More recent simulations by N. A. Artemieva and V. V. Shuvalov, both at the Institute for Dynamics of Geospheres in Moscow, have envisioned an asteroid of similar size vaporizing five to 10 kilometers above Tunguska. In their model, the resulting fine debris and a downward-propagating gaseous jet then dispersed over wide areas in the atmosphere. These simulations do not, however, exclude the possibility that meter-size fragments may have survived the explosion and could have struck the ground not far from the blast.

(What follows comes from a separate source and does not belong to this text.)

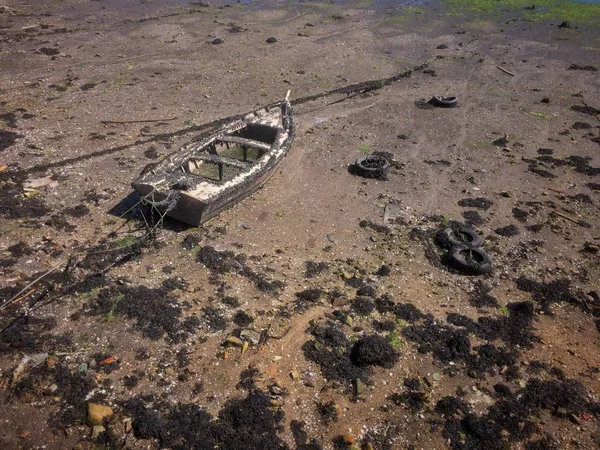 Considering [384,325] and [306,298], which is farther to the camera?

Late last year Mark Boslough and his team at Sandia National Laboratories concluded that the Tunguska event may have been precipitated by a much smaller object than earlier estimates had suggested. Their supercomputer simulation showed that the mass of the falling cosmic body turned into an expanding jet of high-temperature gas traveling at supersonic speeds. The model also indicated that the impactor was first compressed by the increasing resistance of the earth’s atmosphere. As the descending body penetrated deeper, air resistance probably caused it to explode in an airburst with a strong flow of heated gas that was carried downward by its tremendous momentum. Because the fireball would have transported additional energy toward the surface, what scientists had thought to be an explosion between 10 and 20 megatons was more likely only three to five megatons, according to Boslough. All this simulation work only strengthened (and continues to strengthen) our desire to conduct fieldwork at the Tunguska site.

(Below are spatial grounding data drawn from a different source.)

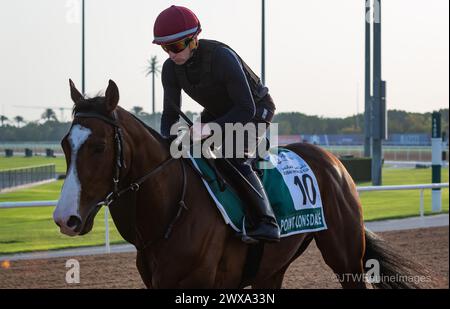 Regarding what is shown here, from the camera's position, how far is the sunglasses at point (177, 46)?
3414 millimetres

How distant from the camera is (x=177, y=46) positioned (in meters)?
3.43

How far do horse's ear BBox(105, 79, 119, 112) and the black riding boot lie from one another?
0.89 metres

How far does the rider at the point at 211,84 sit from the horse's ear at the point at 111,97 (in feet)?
1.43

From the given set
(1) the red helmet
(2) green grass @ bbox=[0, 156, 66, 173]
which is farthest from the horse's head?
(2) green grass @ bbox=[0, 156, 66, 173]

Our involvement with the Tunguska event began in 1991, when one of us (Longo) took part in the first Italian expedition to the site, during which he searched for microparticles from the explosion that might have become trapped in tree resin. Later, we stumbled on two obscure papers by Russian scientists, V. A. Koshelev and K. P. Florensky, that reported their discovery of a small body of water, Lake Cheko, roughly eight kilometers from the suspected epicenter of the phenomenon. In 1960 Koshelev speculated that Lake Cheko might be an impact crater, but Florensky rejected that idea. Florensky instead believed the lake was older than the Tunguska event, based on having found loose sediments as thick as seven meters below the bottom of the lake.

Word that a lake sat close to ground zero piqued our interest in mounting a field trip there because lake-bottom sediments can store a detailed record of events that occurred in the surrounding region, the basis of paleolimnological studies. Although our team knew little of Lake Cheko, we thought that we could perhaps apply paleolimnological techniques and find in the lake’s sediments clues to unravel the Tunguska mystery, as if the lake were the black box from a crashed airliner.

After circling the lake’s dark waters warily, the helicopter hovered precariously above the swampy lakeside (which was too soft for a landing) as we jumped down amid a torrential rainstorm. With eight blades rotating furiously above our heads, the resulting hurricane of air and water seemed set to sweep us away when at last we managed to unload our heavy cargo. With a roar, the craft lifted upward, and we were left drenched and exhausted near the edge of the lake, suddenly immersed in the deep silence of the Siberian wilderness. Any small relief we felt when the rain stopped was immediately forgotten as clouds of voracious mosquitoes descended on us like massed squadrons of tiny dive-bombers.

We spent the next two days organizing the camp, assembling our survey boat (a catamaran) and testing our equipment. Our studies would require a range of technologies, such as acoustic echo sounders, a magnetometer, subbottom acoustic profilers, a ground-penetrating radar, devices to recover sediment cores, an underwater television camera and a set of GPS receivers to enable study teams to track their position with a resolution of less than a meter.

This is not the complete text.